Archery Games to Replace the Remote Control 

To effectively compete with today’s video games and social media, an activity needs to be engaging and interactive. While teaching them these archery games, you need to show your enthusiasm and make it as fun as possible, while still teaching respect for the weapon. Bow safety needs to trump entertainment, but there are ways to incorporate the fun too. Getting the whole family involved and dedicating time for practice and competition is one way to accomplish that. Another way to introduce and keep your youth outdoors is to register your child for an upcoming Raised at Full Draw (RAFD) youth hunting camp. Outdoor youth programs like RAFD allow them to practice their archery while being surrounded by their peers in a friendly environment. Through outdoor team building games and applied practice, youth participants learn quickly and have a lot of fun.
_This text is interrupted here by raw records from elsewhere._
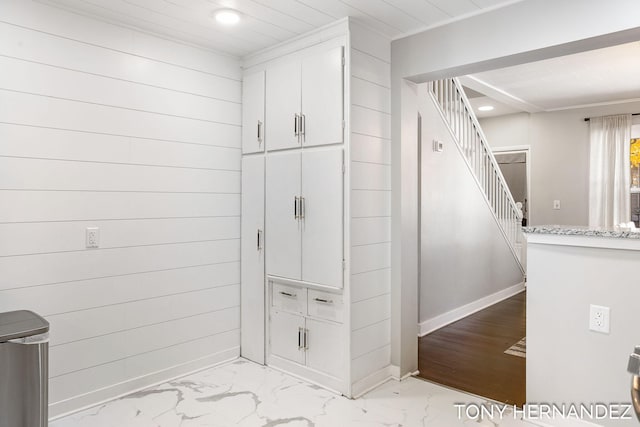 bathroom with wooden walls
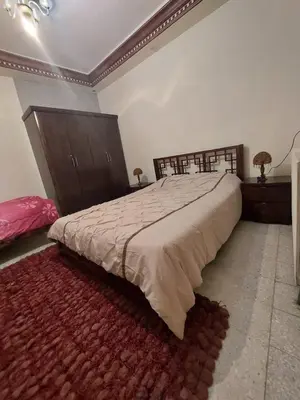 a bedroom with a large bed and a red rug at شقة مفروشة في البنيات - بالقرب من جامعة البتراء in Amman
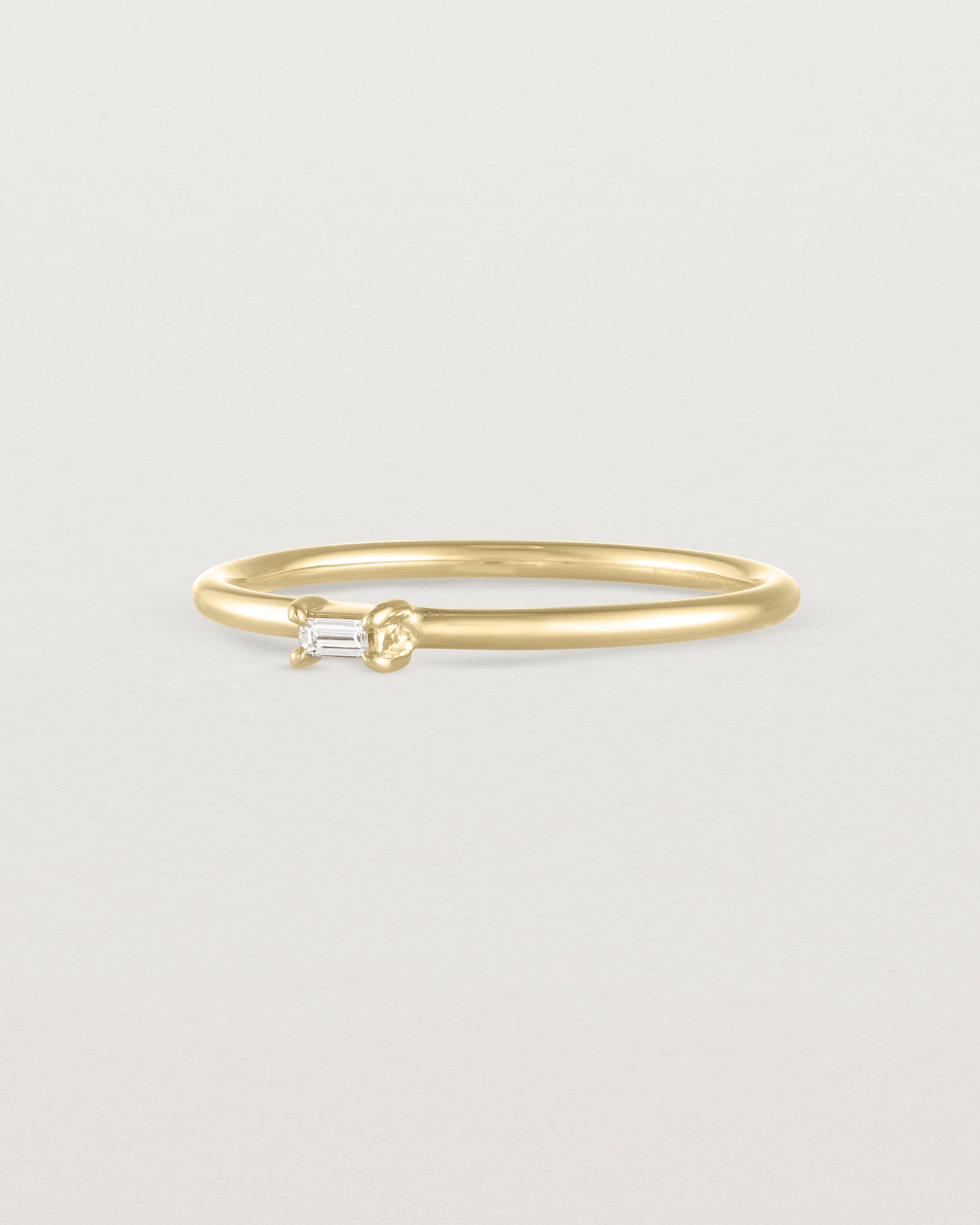 Angled view of the Sena Stacking Ring | Diamond in yellow gold.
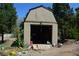 Spacious outdoor storage shed with open doors, providing ample space for tools and equipment at 1382 N Trout Canyon Rd, Las Vegas, NV 89124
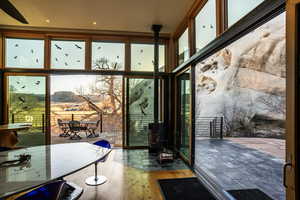 Entryway featuring a wall of windows, a mountain view, wood finished floors, and a wood stove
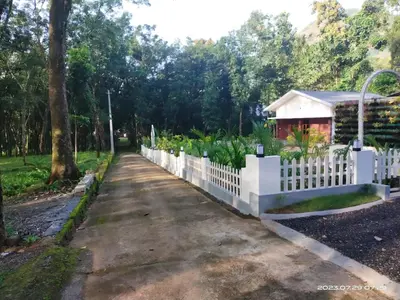 a white picket fence in front of a house at Family Cottage at Merlys Fruit Garden, Thattekkad in Kotamangalam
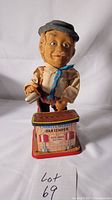 Front view of Charley Weaver bartender tin toy on bar base showing figure and printed bar sign with shaker in hand.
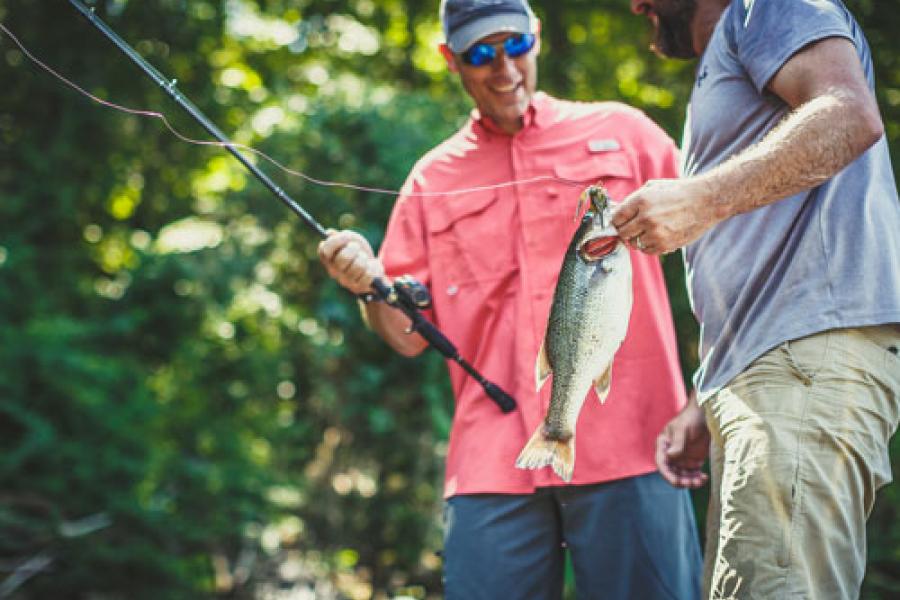 Two men bass fishing on Table Rock Lake in Branson.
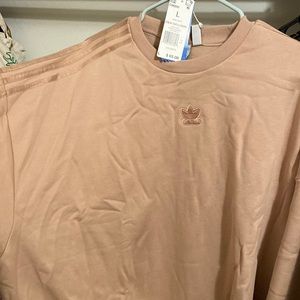 OVERSIZED STYLE RUNS LARGE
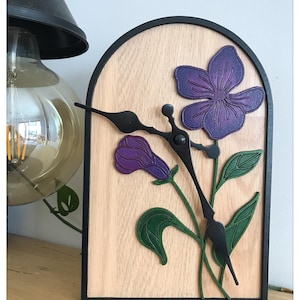 Peut inclure: Une horloge décorative en bois avec un motif floral. Le cadran est en bois clair, encadré de noir. Le motif floral comprend des fleurs violettes et des feuilles vertes. Les aiguilles de l'horloge sont noires.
Archery Games and Tricks to get Todays Youth Outdoors | Raised Hunting

3D Archery Games

One of the easiest ways to get kids engaged in outdoor archery shooting games is to let them shoot at ultra-realistic 3D targets. They are available in so many forms, from elk to bear, and even include dinosaurs or aliens. If it will keep your kid engaged and wanting to practice more, try to cross the video game barrier by investing in some fun targets. Video games help kids use their imagination by letting them experience a different reality. After a day of shooting Delta McKenzie big game animal targets or aliens at 3D bow shoots, they’ll definitely be more likely to continue instead of reaching for the game console controller. If you don’t want to buy targets yourself or don’t have the space to shoot at them, bring the family along to 3D archery courses, which you can find at an increasing number of places these days. These ranges usually have some amazing targets and are an easy way to have fun with your kids. If they’re just starting out, you may want to go on an off-day so there’s not as much of a crowd.


Another fun archery game is a twist on the pen-and-paper version. Simply tape a piece of cardboard or paper to a target and draw nine squares (three high by three wide). Take turns with your child (or have your kids take turns) shooting some arrows at the board. They should have different colored fletching or use NAP lighted nocks to make things simpler. When an archer hits within a square, they have claimed that square, and the objective is to get three squares in a row (horizontally, vertically, or diagonally). If someone shoots into a claimed square, they should shoot again until they claim a new one. Archery shooting games like these take an outdated game like this and turn it into something fun again. They also challenge your accuracy when you have to pick a single square.

Archery Games and Tricks to get Todays Youth Outdoors | Raised Hunting


As far as archery games go, this is one of the simplest. Blow up several balloons (aim for 5 to 10 per player) and tape them to a target or similar backdrop. You can either do time trials individually or a live shootout. For time trials, each player takes their turn shooting their Bear Archery youth bows. The goal is to shoot all of their balloons in the shortest amount of time. This game can be done with competition or against yourself. The player with the shortest time wins that round. You can also do a live shootout, where each player has their own balloons on their own target, and the first player to shoot all of their balloons wins. Balloons are cheap, so this is a very simple option. 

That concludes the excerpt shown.